Dans les archives de Catherine et Hélène, les deux filles de l”ancien député radical du Loiret, il a retrouvé de saisissantes photos noir et blanc de la jeunesse du futur ministre, de sa période d’avocat au barreau d’Orléans, de manifestations de jeunes laïcs en mairie, puis des illustrations de son action au ministère.
Dans la mémoire collective
“La place méritée au sein de notre mémoire collective, Jean Zay doit aussi l’occuper pleinement à Orléans, là où il est né, a vécu, aimé, bâti sa vie, familiale, professionnelle, politique…”, écrit Pierre Allorant. Lors de la campagne électorale de 1932, Jean Zay mit lui-même en avant cet enracinement de sa famille et de son grand père venu “des provinces perdues”, qui s’installe dans l’Orléanais. Il veut ainsi “anticiper sur la campagne violente d’adversaires qui tentent de le présenter comme un intellectuel hors sol, entendez un produit de la République honnie des avocats, des francs maçons, de juifs et des protestants, bref “l’anti-France” vu par Mauras et par le très réactionnaire Journal du Loiret.”
Son père est rédacteur en chef d’un autre journal, Le Progrès du Loiret. Allorant nous raconte ensuite les premiers écrits lycéens de Jean Zay, lorsqu’au lycée Pothier il fonde “le potache bouillant” puis le Grenier avec Marcel Abraham, René Berthelot et Roger Secrétain, futur fondateur de la République du Centre et futur maire d’Orléans. “Il y rédige des chroniques à l’ironie guêpine et il dessine aussi de sa plume “des silhouettes orléanaises”.
L’obsession des nouvelles d’Orléans
Pierre Allorant raconte encore ses “universités” aux jeunes radicaux du Loiret, ses études de droit à Paris, ses premiers pas de journaliste, son mariage au Temple, son initiation à la loge Dolet puis ses premiers pas en politique aux législatives et aux cantonales…
En prison de Riom où l’a jeté le régime de Vichy qui le fera assassiner par la milice en 1944, Jean Zay s’inquiétera du sort de sa ville, “l’obsession des nouvelles d’Orléans, cité Martyr”.

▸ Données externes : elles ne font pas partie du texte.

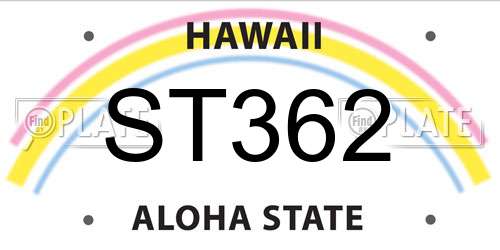 ST362 Hawaii License Plate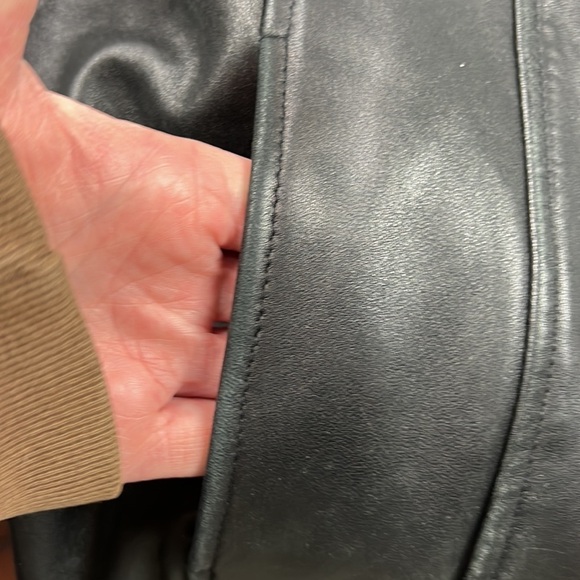 Danier Black Leather Button Up Coat - Picture 9 of 12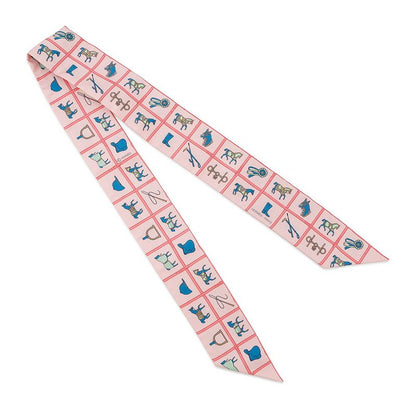 Hermes Scarf Twill Horsewear Couvertures Et Tenues de Jour Silk Rose Blue Veil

Dans cet ouvrage sur Jean Zay, sous-titré “invention, reconnaissance, postérité”, signé avec Gabriel Bergougnoux et Pascal Cordereix, PIerre Allorant décrit par le menu cet attachement viscéral à Orléans de l’ancien ministre de l’Education nationale (et des Beaux arts). Son lointain successeur, Najat Vallaud Balkacem, elle aussi mise en cause pour ses origines, et fidèle d’Orléans, a reçu l’ouvrage des mains de ses auteurs, lors des rendez-vous de l’histoire de Blois. Le rejet de l’autre: pas grand chose de nouveau sous le ciel parfois gris de nos Républiques.
Ch.B
Jean Zay, aux Presses universitaires François Rabelais (Tours), dans la collection “Perpectives historiques”, 174 pages, 22€.
Les auteurs:
– Pierre Allorant est professeur d’histoire du droit à l’université
d’Orléans (POLEN) et secrétaire général du Comité d’histoire parlementaire et politique.
– Gabriel Bergounioux est professeur de linguistique
à l’université d’Orléans et directeur du laboratoire ligérien de linguistique
– Pascal
Cordereix est conservateur en chef des bibliothèques et chef du service des documents sonores à la BNF de Paris.